_Assignment_
From the records below, print only the part that opens with the line containing "Дамска блуза Bershka, Размер" and closes with the line containing "Le couple s'embrasse"; omit the pictures.

_Given records_
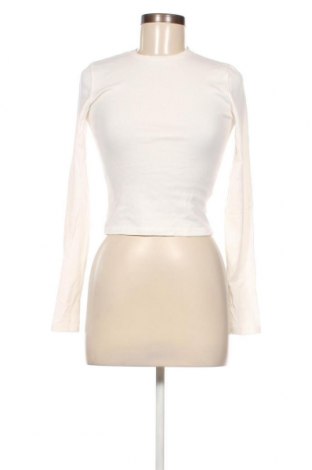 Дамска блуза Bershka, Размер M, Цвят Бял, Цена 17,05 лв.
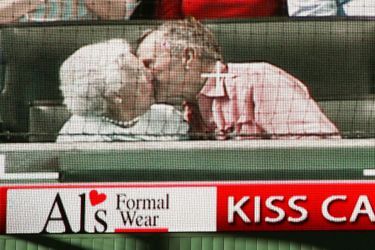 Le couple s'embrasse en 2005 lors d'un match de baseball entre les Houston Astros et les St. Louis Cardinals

==

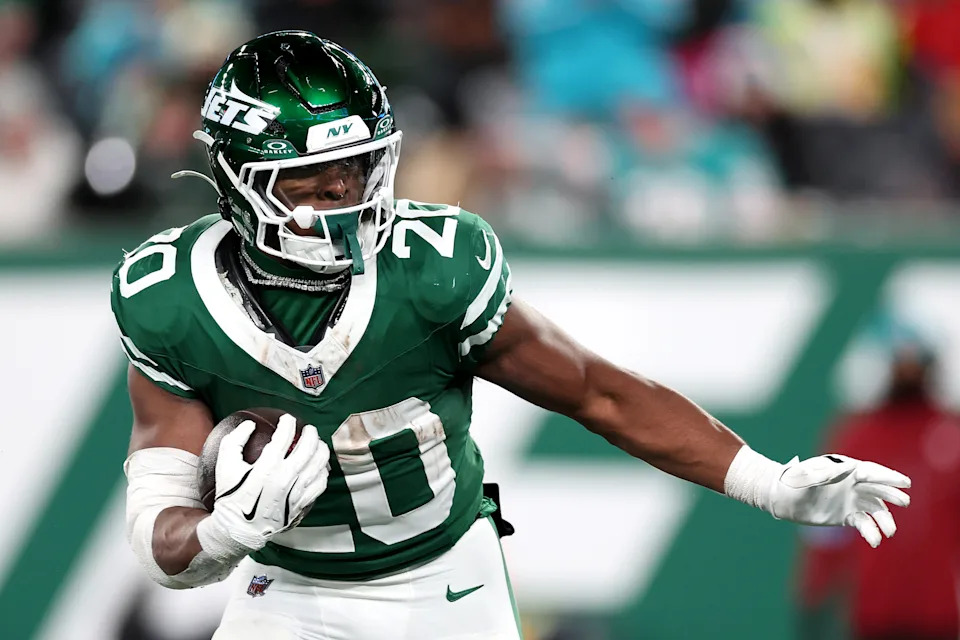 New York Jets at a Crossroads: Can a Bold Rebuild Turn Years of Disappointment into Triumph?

--

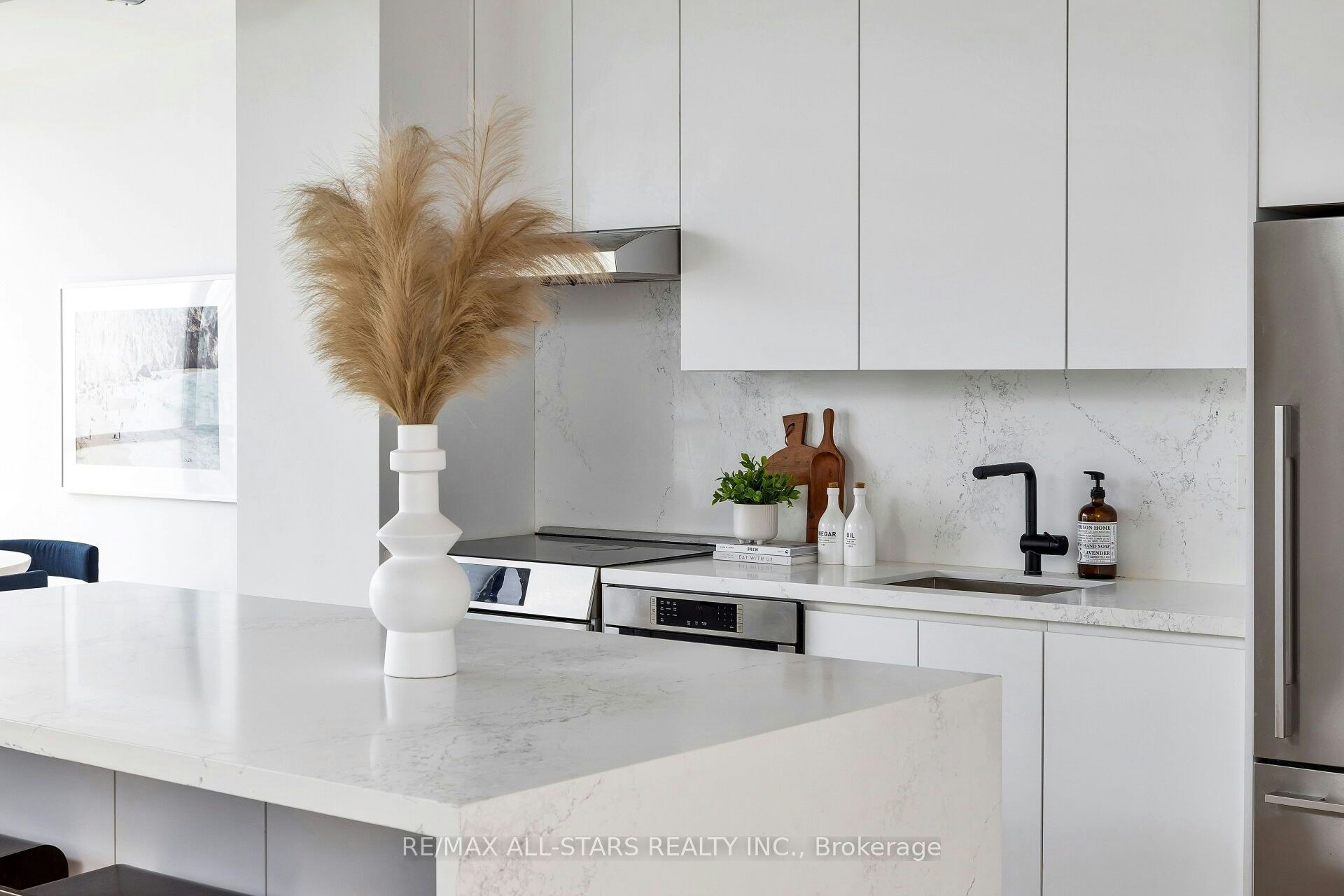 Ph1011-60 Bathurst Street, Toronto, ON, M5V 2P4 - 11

_Expected output_
 Дамска блуза Bershka, Размер M, Цвят Бял, Цена 17,05 лв.
 Le couple s'embrasse en 2005 lors d'un match de baseball entre les Houston Astros et les St. Louis Cardinals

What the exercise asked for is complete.